I’m fascinated by system failures and oddities, especially when systems are operating under normal conditions. A while back I saw a slide by Ian Goodfellow that made me laugh. It was random noise fed into a pre-trained network and the network did its job classifying the noise as a known object. That begged a few questions. Will different pre-trained networks see the same thing? Different things? What percentage of the time? What’s the highest level of confidence of a network that the random noise is a particular object? On top of these other questions, what is the neural network actually “seeing?”
This post and the associated code is the result of my curiosity toward these unexpected results. Fortunately, PyTorch makes experiments like this easy. To visualize why the network classifies objects a certain way, we’ll use Captum a model interpretability framework. The full code can be seen in the following Github repository.
Relevance
Before we begin, you may wonder why any of this is relevant. In many cases, developers aren’t building models from scratch. They are reaching for frameworks and pre-trained networks obtained from a model zoo as a starting points. This activity saves time as you didn’t need to collect the data and do the legwork of the initial training. However, this also means that unexpected problems have a way of cropping up in strange places. Depending on the model’s use and function, this could have both security and safety impacts.
Pre-trained Models
Pre-trained models are easy to instantiate and allow you to quickly send them data for classification. With these models, you don’t have to specify the model definition or perform the training on them, this is done for you ahead of time meaning they are ready for use after you have instantiated them. The pre-trained models in the Torchvision library were trained on the Imagenet dataset which consists of 1000 categories. The thing to remember here is that this training was for a single object in an image, not a complex image with multiple objects, which makes for some interesting results, but that’s a topic for another time. Pulling in a pre-trained model from PyTorch’s Torchvision library is easy. It’s a matter of importing the selected model with the pretrained
parameter set to True
. I also set the model to evaluation mode, since there won’t be any training happening during these tests, just inference.

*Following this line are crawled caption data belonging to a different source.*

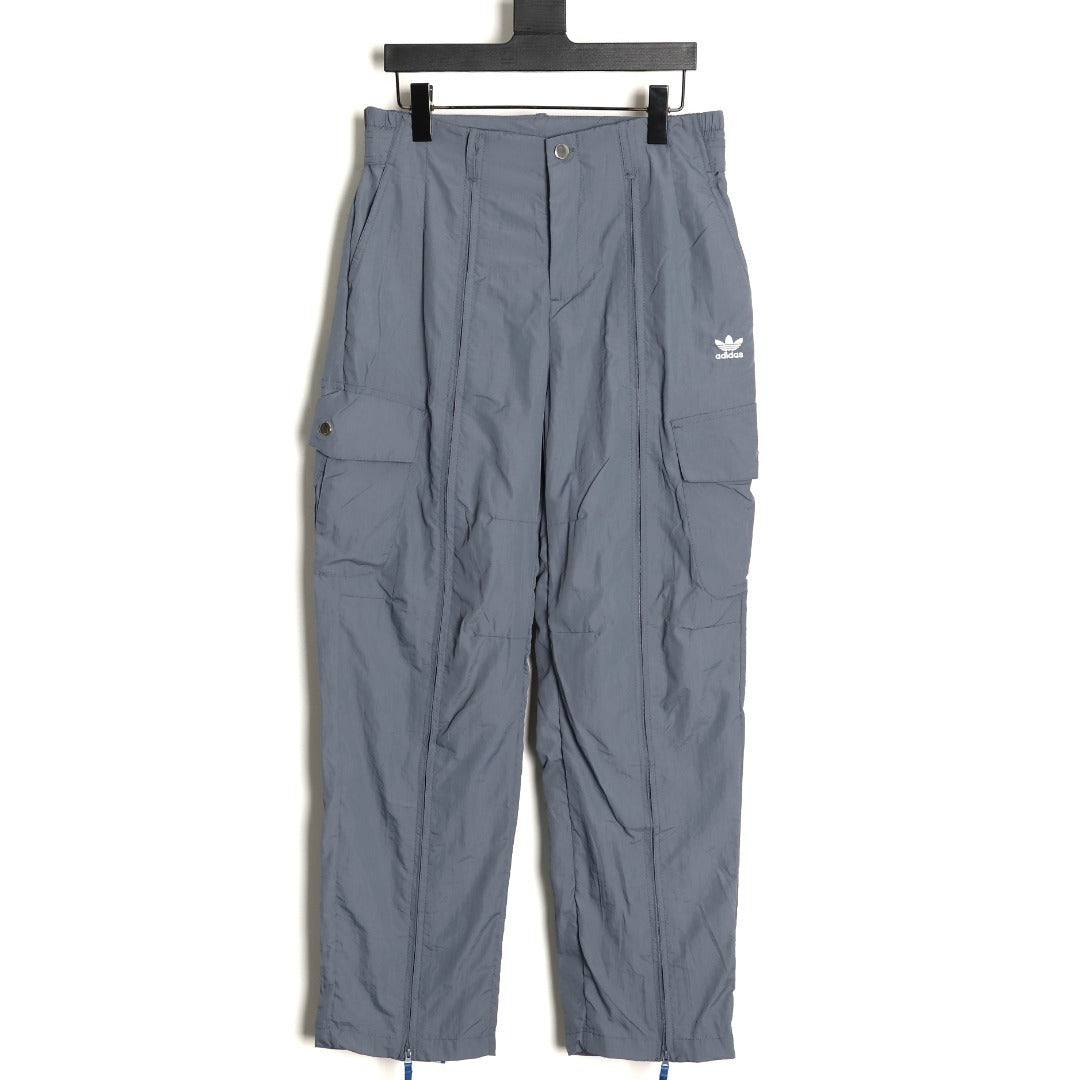 ADIDAS  Originals x KR OP collaboration SS24, featuring a deconstructed clover logo patchwork loose-fitting workwear style with a zipper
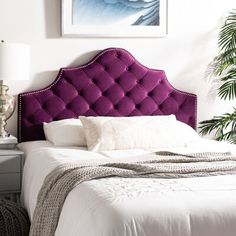 a bed with a purple headboard in a white room next to a potted plant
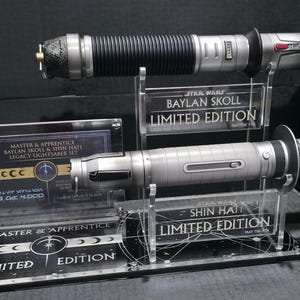May include: Two lightsabers on display, one black and silver, the other silver. The display includes text that reads "BAYLAN SKOLL LIMITED EDITION" and "SHIN HATI LIMITED EDITION". A third display reads "MASTER & APPRENTICE LEGACY LIGHTSABER SET".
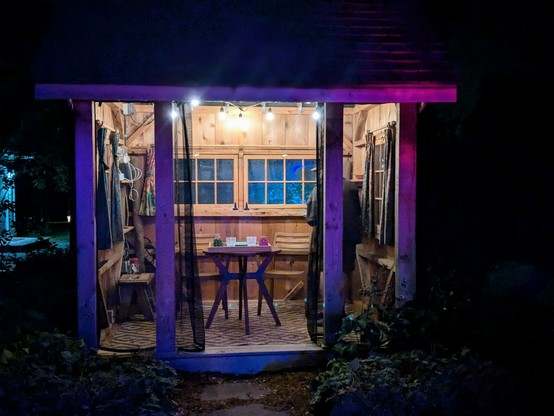 A small wooden building is lit up at night.
The building has a table set for a meal.
The lights are multi-colored with the building illuminated in purple.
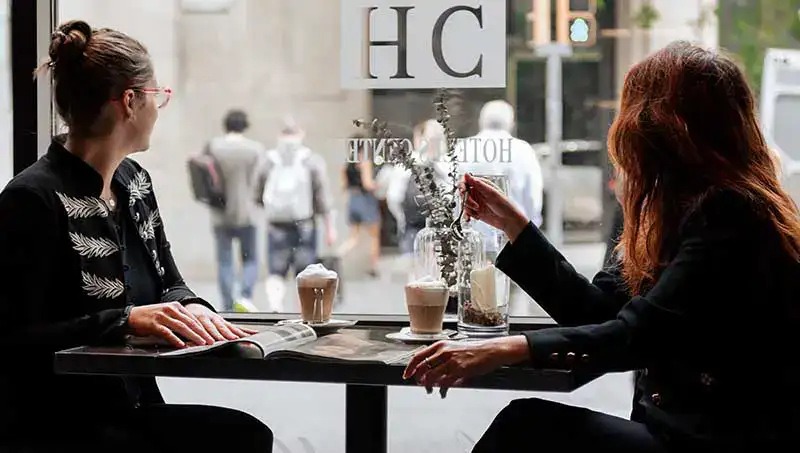 Dos mujeres conversan en una cafeter&iacute;a con bebidas y revistas sobre la mesa.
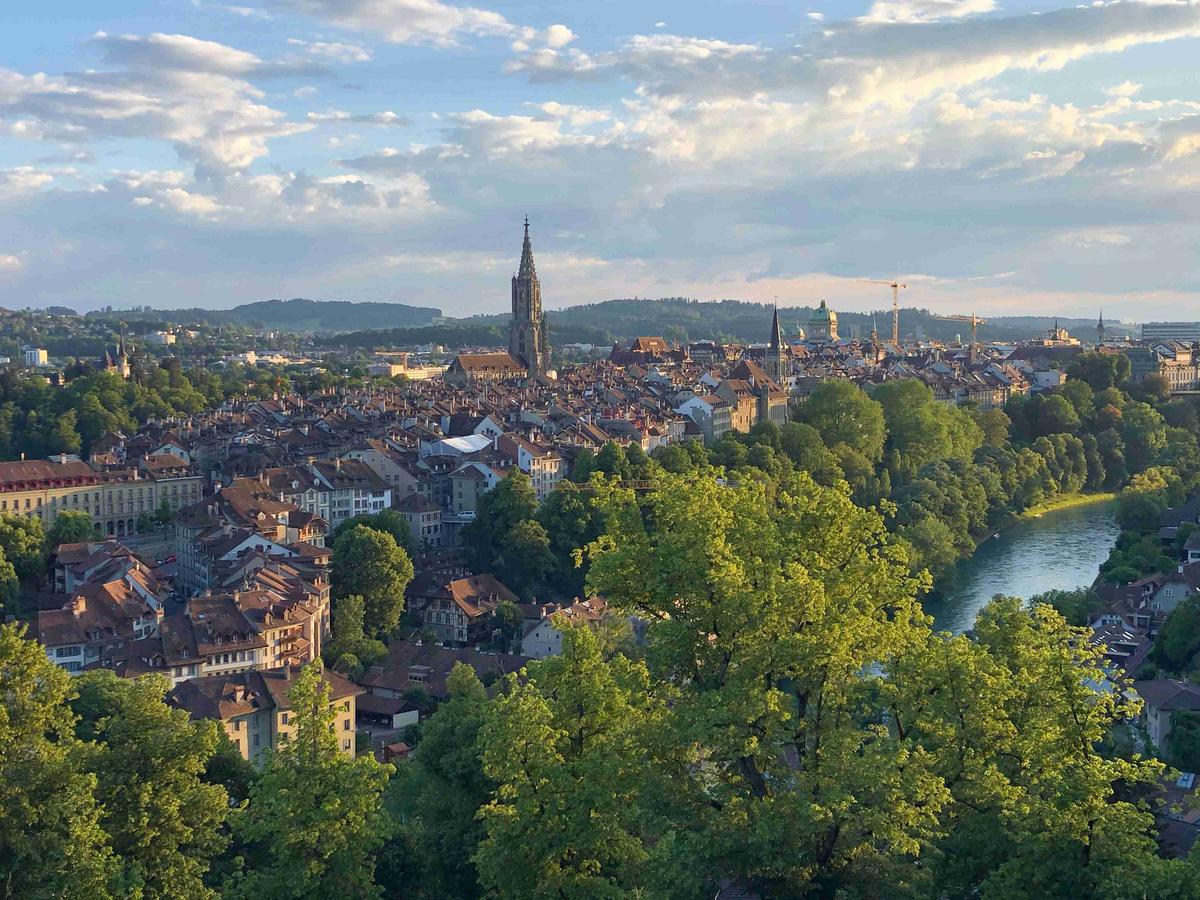 Panoramic view of Bern with river Aare at sunset.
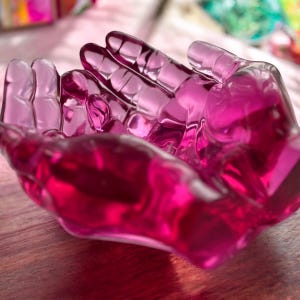 Op de afbeelding: Een roze glazen kom in de vorm van twee samen gevouwen handen. De kom is gemaakt van helder glas met een roze tint.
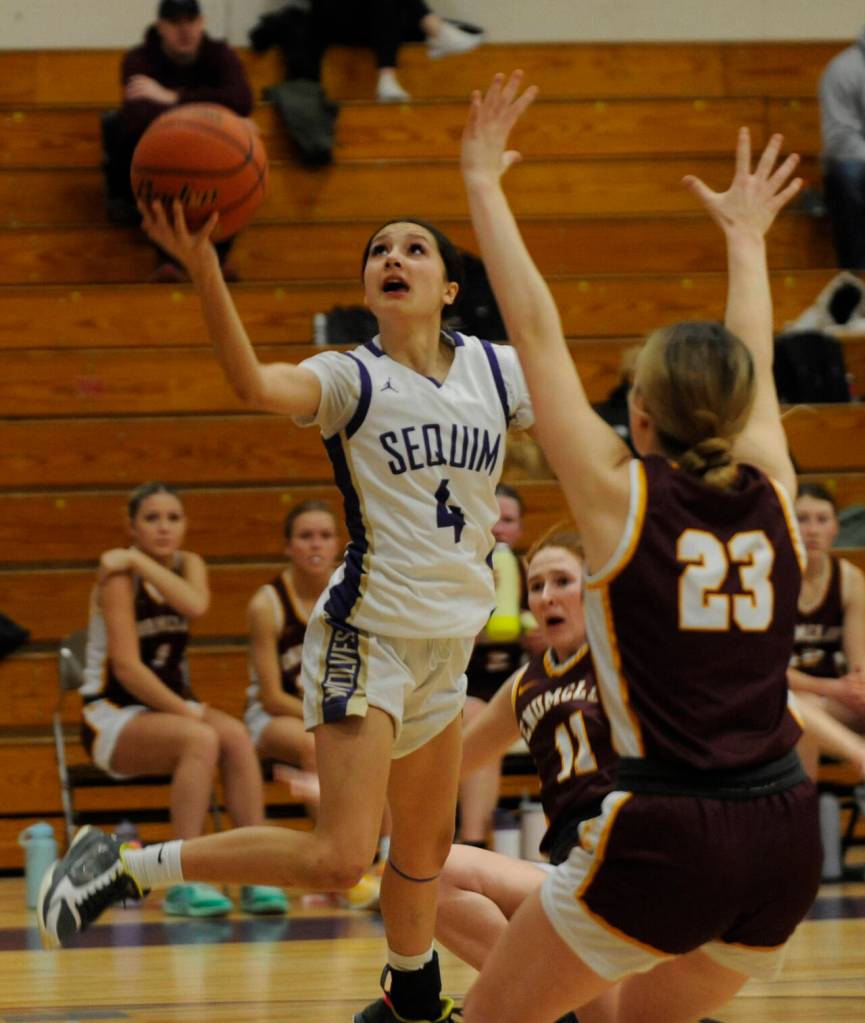 Sequim freshman guard Gracie Chartraw drives past Enumclaws Ava Smith in a bi-district tournament game on Feb. 14 in Sequim. Chartraw led the Wolves with 27 points.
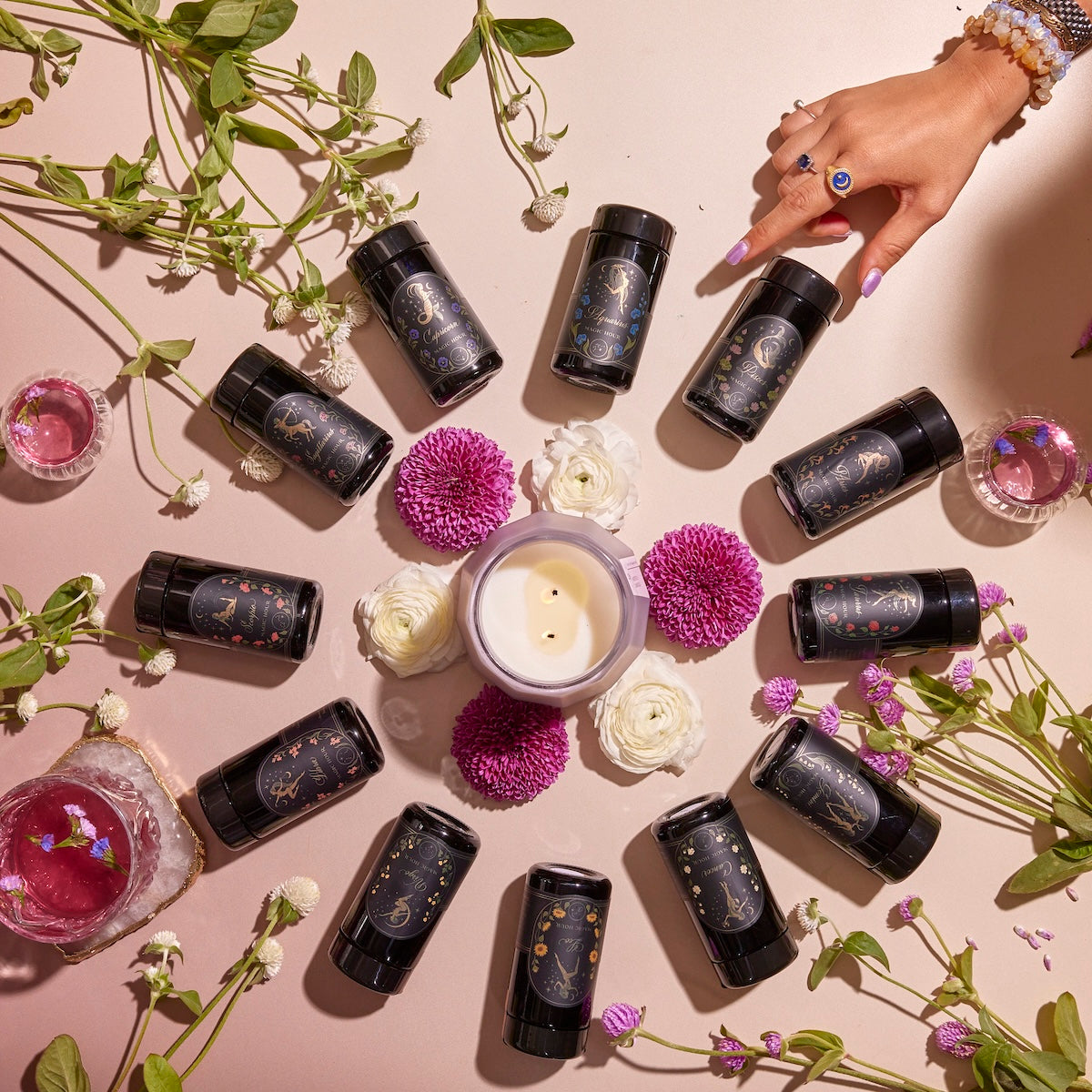 A captivating display of the Astrology Tea Traveler Bundle features black skincare bottles arranged in a circle with a lit candle and vibrant flowers at the center, evoking the calming essence of a tea ritual. A hand adorned with purple nail polish and bracelets highlights one bottle, while scattered greenery enhances the fresh vibe on the soft pink background.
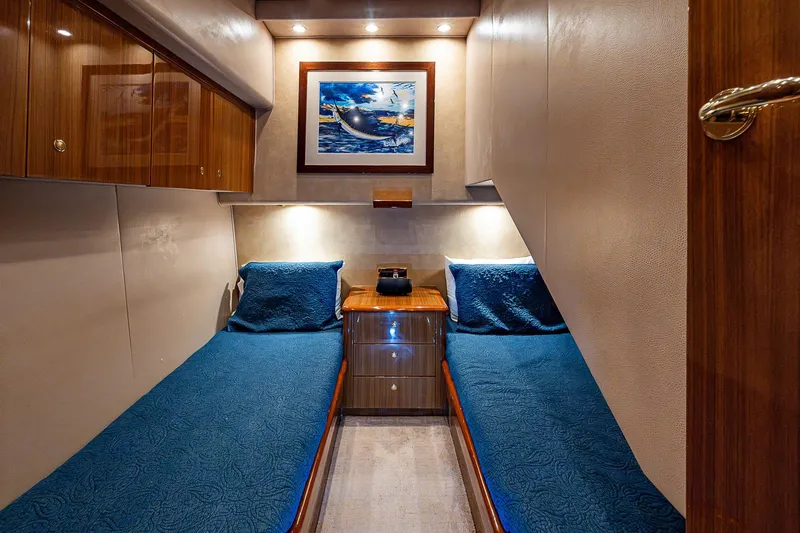 Big Blue Yacht Photos Pics Luxurious 2007 Viking 64 Convertible yacht cabin with twin beds and elegant decor.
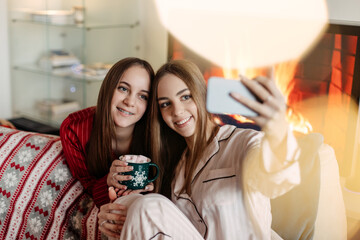 two teenage girls sisters holding cups of cocoa with marshmallows cozy atmosphere at home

To start with, I have a line of code that sets the device to cuda
or cpu
depending on if a GPU is available. A GPU isn’t necessary for these simple tests, but since I have one in my machine, I use it.
device = "cuda" if torch.cuda.is_available() else "cpu"
import torchvision.models as models
vgg16 = models.vgg16(pretrained=True)
vgg16.eval()
vgg16.to(device)
A list of the Torchvision pretrained models is available here. For my tests, I didn’t want to use all of the pre-trained networks, because that would get excessive. I selected the following 5 networks.
- vgg16
- resnet18
- alexnet
- densenet
- inception
I didn’t employ any particular methodology in my selection of these networks. Vgg16 and Inception are used quite a bit in examples and they are all different, which was the biggest factor.
Generating Images with Noise
We need a way to automatically generate images of noise that we can feed the neural network. For this task, I used a combination of the Numpy
and PIL
libraries and wrote a small function to return an image containing random noise.
import numpy as np
from PIL import Image
def gen_image():
image = (np.random.standard_normal([256, 256, 3]) * 255).astype(np.uint8)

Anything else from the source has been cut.